A ruptura institucional provocada pelo golpe jurídico-parlamentar-midiático do ano passado atirou na lata do lixo as regras do jogo. A nação necessita de um novo acordo. Ficar emendando não resolve. Depois das excepcionalidades é imperativa a repactuação. Em tudo na vida.  Cada vez mais, os acontecimentos não deixam dúvida de que a saída para a crise política e econômica passa por eleições diretas e uma nova Constituinte, com ampla participação popular.

ESGOTAMENTO

Nove partidos acabam de lançar a frente parlamentar contra a proposta do voto distrital, em substituição ao modelo de proporcionalidade na ocupação das cadeiras do Legislativo. Pois bem, outras questões como financiamento de campanha eleitoral, parlamentarismo, presidencialismo de coalizão, coligações, reeleição, voto obrigatório, federalismo, reforma do Estado, partidarização do Judiciário e mais algumas, começam a aparecer com certa frequência na mídia e a integrar a pauta de conversas de uma expressiva parcela da população, nos mais diversos grupos sociais. O sistema político brasileiro dá sinais de exaustão.

DELICADO

Com um Congresso Nacional de perfil tão conservador, e diante da possibilidade concreta de que a próxima legislatura seja igual ou pior, não resta a menor dúvida ser muito arriscado fazer reformas no Brasil pós golpe. Tudo que tem sido reformado até agora só atende os interesses do grande capital, principalmente o sistema financeiro. O povo sempre sai perdendo. Portanto, em uma conjuntura tão adversa, somente uma Constituinte, com canais efetivos de participação popular, pode possibilitar a definição democrática de novas regras para o jogo. E ainda assim é fundamental ficar de olho bem aberto.

VITIMIZAÇÃO

Para quatro jornalistas da mídia contra-hegemônica - Alex Solnik, Leonardo Attuch, Paulo Moreira Leite e Leonardo Stoppa – será praticamente impossível para o presidenciável João Dória (PSDB) tentar usar a "ovada" que recebeu em Salvador para se vitimizar durante a campanha eleitoral, pois como prefeito de São Paulo usa o cargo para agredir sistematicamente Lula e Dilma.
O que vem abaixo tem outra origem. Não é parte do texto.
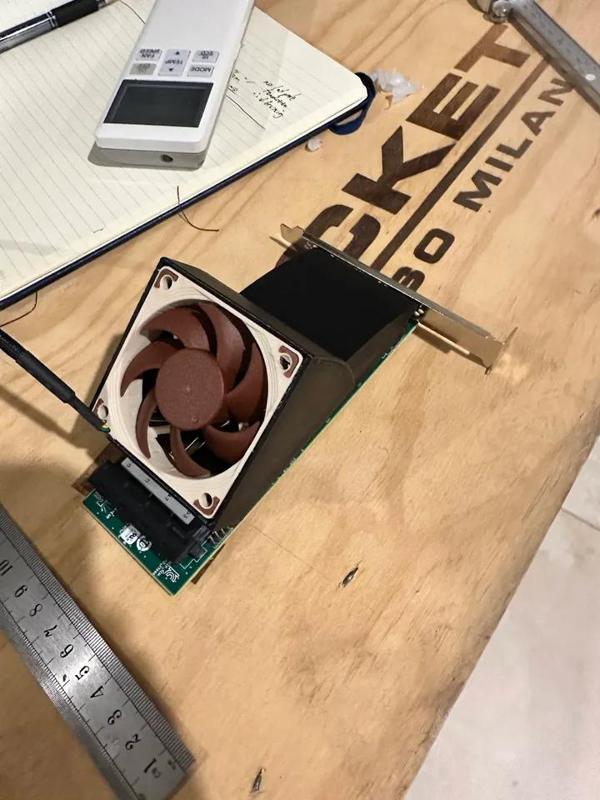 LSI 9305-16i Fan Shroud for 60mm fan.   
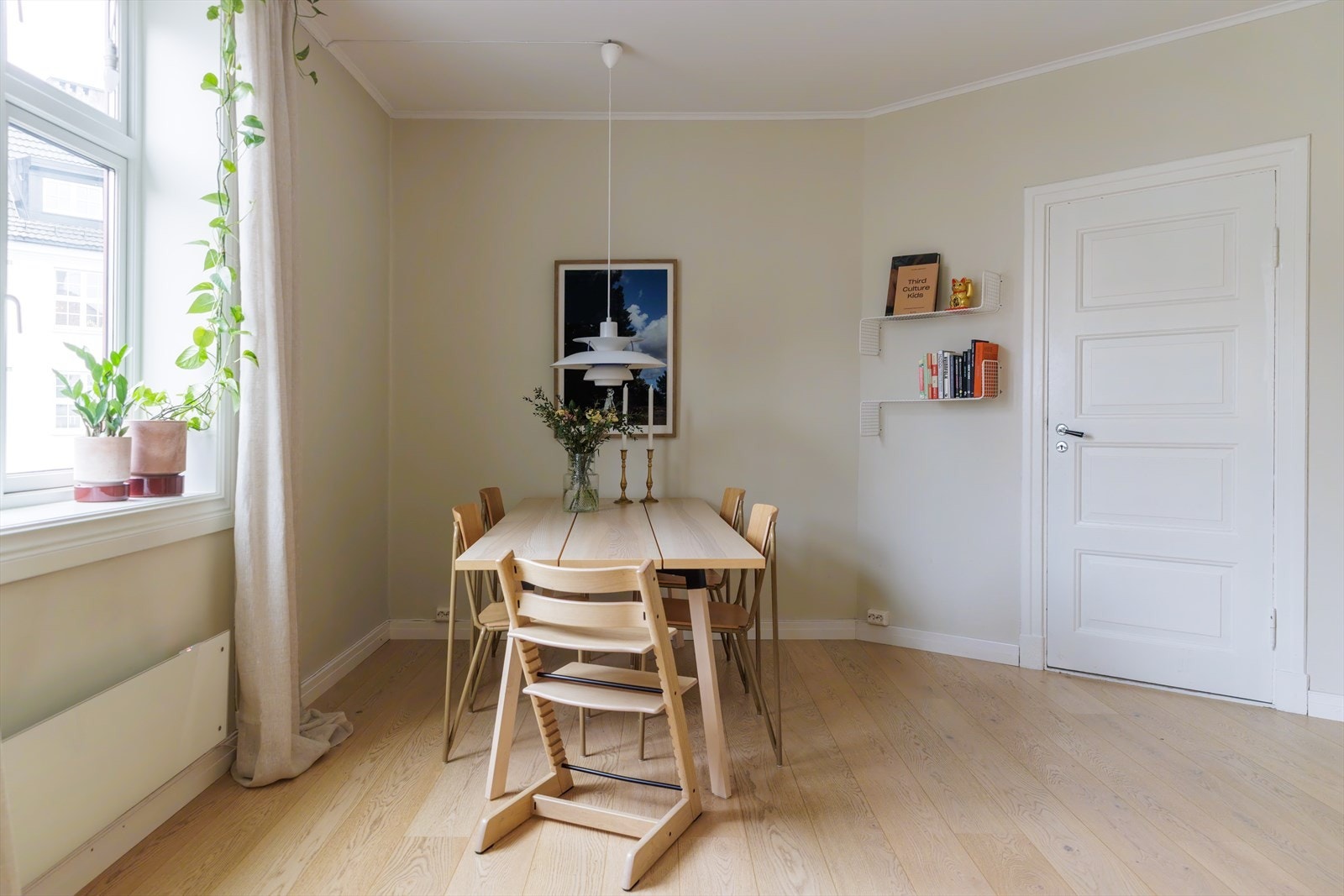 I stuen er det også god plass til et stort spisebord, som gir deg muligheten til å ha gjester på besøk og skape minneverdige måltider og hyggelige samlinger. Galleribilde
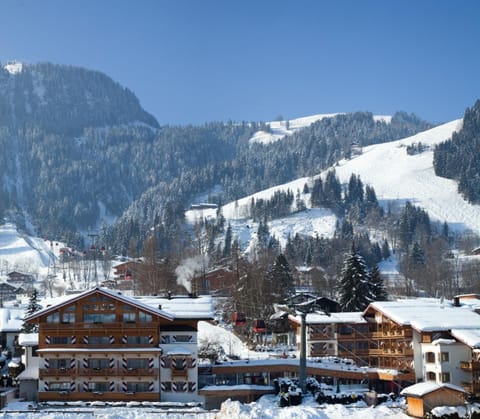 Property building, Winter, Mountain view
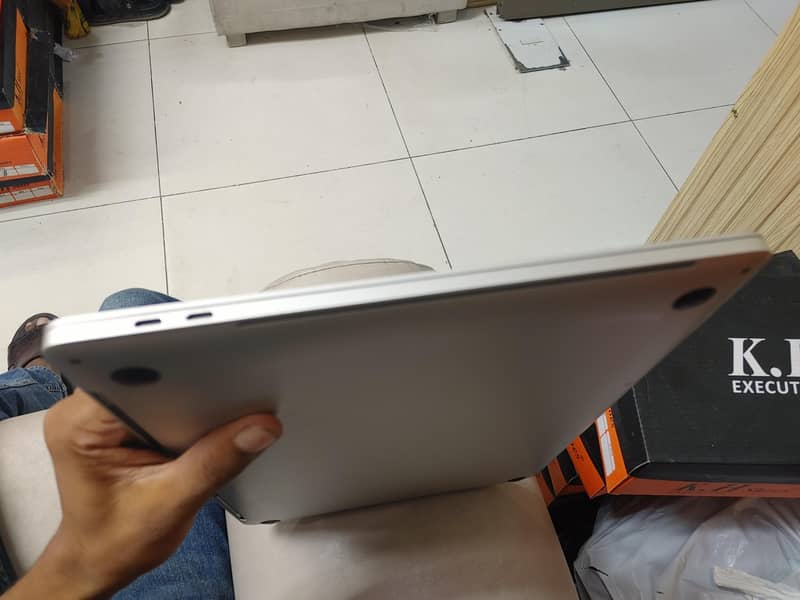 Apple 4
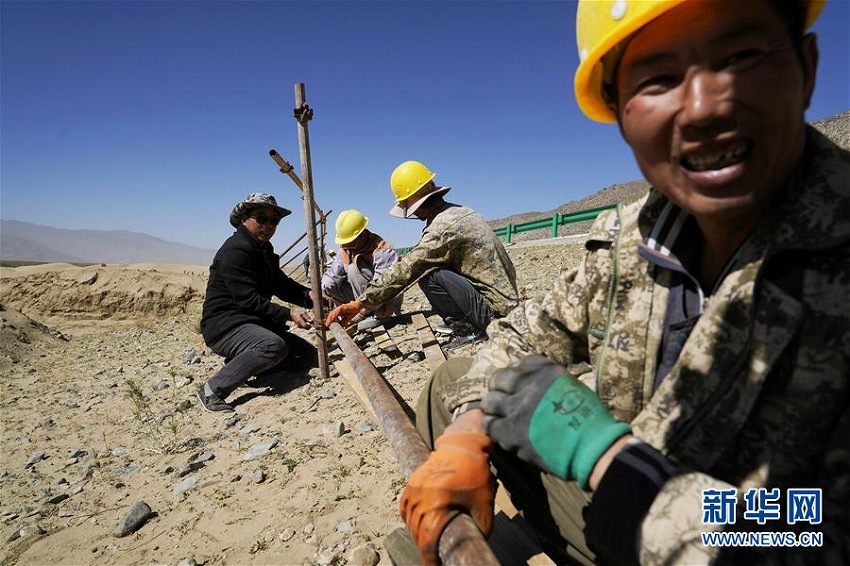 チベット自治区初の国立砂漠公園が建設中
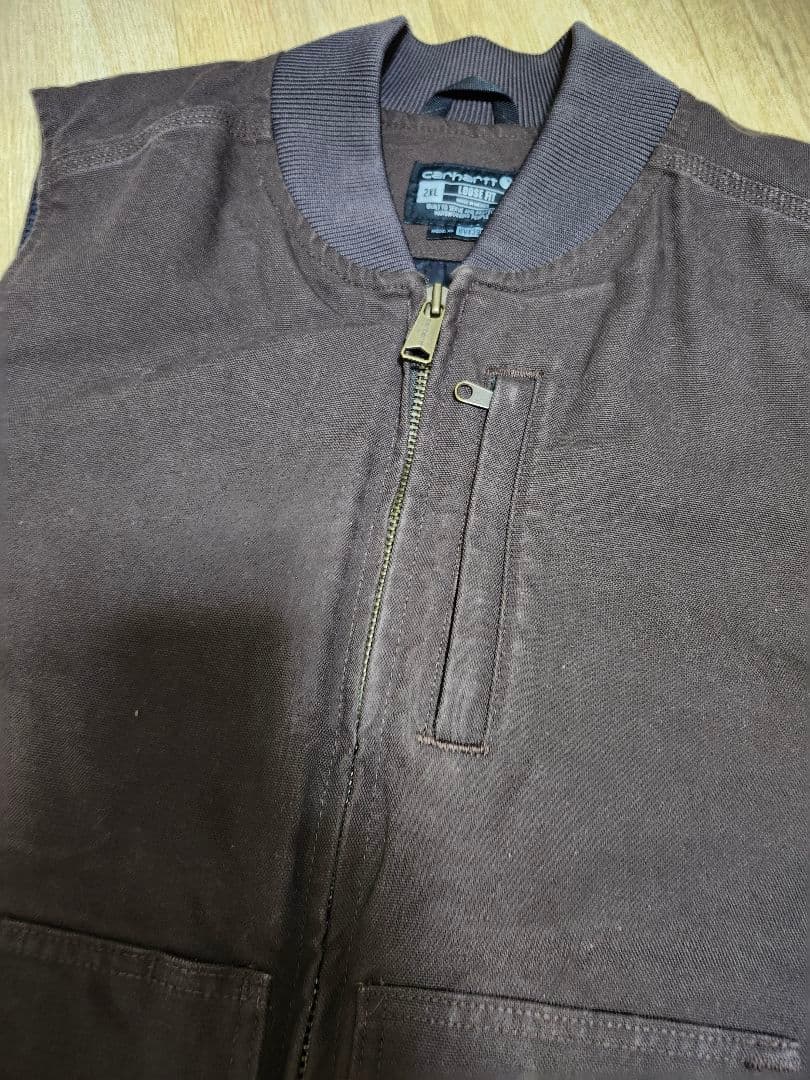 Carhartt 　カーハート　ブラウン ダックベスト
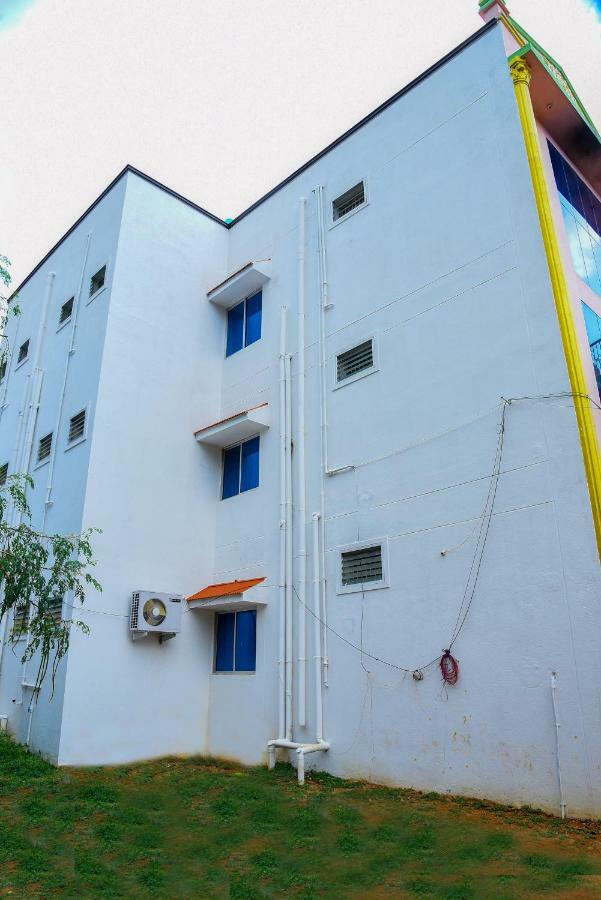 Mahathi Resort And Spa Yelagiri Zewnętrze zdjęcie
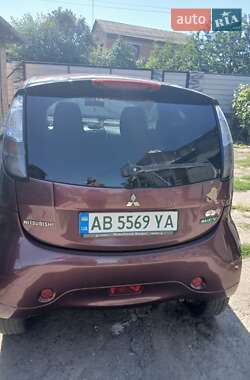 Хэтчбек Mitsubishi i-MiEV 2012 в 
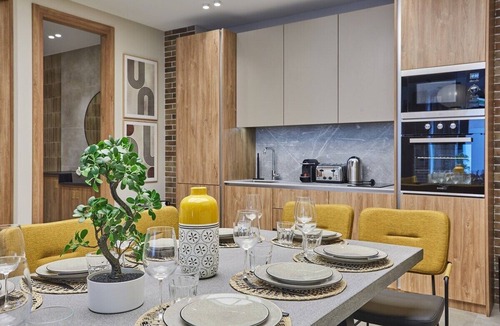 18th Arrondissement Apartment | Exceptional apartment near Montmartre 10 people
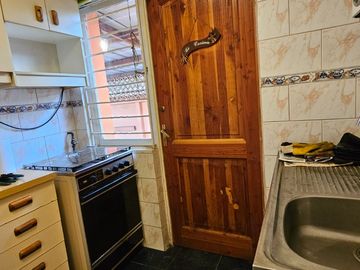 CASA DE 3 DORMITORIOS, 1 BAÑO, AMPLIO PATIO. A 3 CUADRAS DE AV. VALPARAÍSO, PARADERO 12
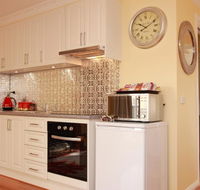 Secret Cottage - Surfers Paradise Gold Coast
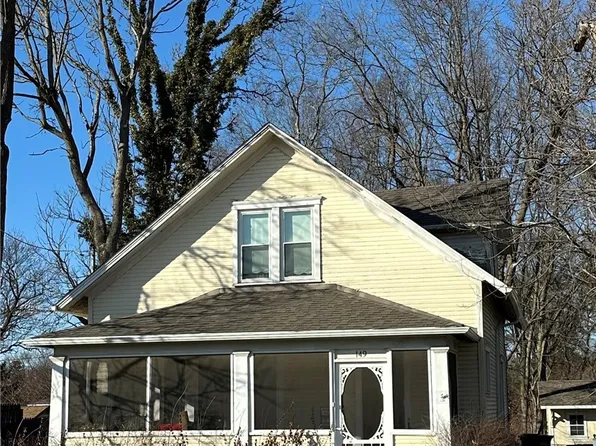 149 Community Dr, Dayton, OH 45404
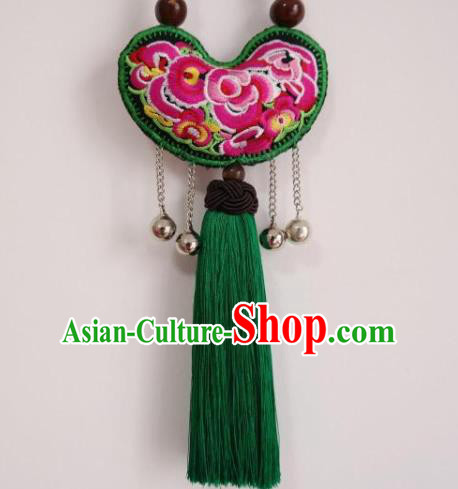 Handmade China Ethnic Green Tassel Necklace Traditional Miao Nationality Embroidered Accessories Necklet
Há de considerar também as barbaridades que o tucano comete contra moradores de rua, ambulantes e os movimentos sociais. Ele detesta tudo que seja inerente ao povo.

IMPRESTÁVEL

Para Leonardo Stoppa, o prefeito de São Paulo, João Dória (PSDB), é muito mais perigoso do que Jair Bolsonaro (PSC). No entendimento de Paulo Moreira Leite, o presidenciável tucano é alvo da própria retórica fascista que sempre o caracterizou. Tipo o feitiço contra o feiticeiro. Alex Solnik destaca também o apoio servil a Temer. São opiniões de jornalistas que não integram a mídia golpista e permitem uma conclusão lógica: Dória não faz bem ao povo, à democracia, à República e, principalmente, ao Brasil livre e soberano.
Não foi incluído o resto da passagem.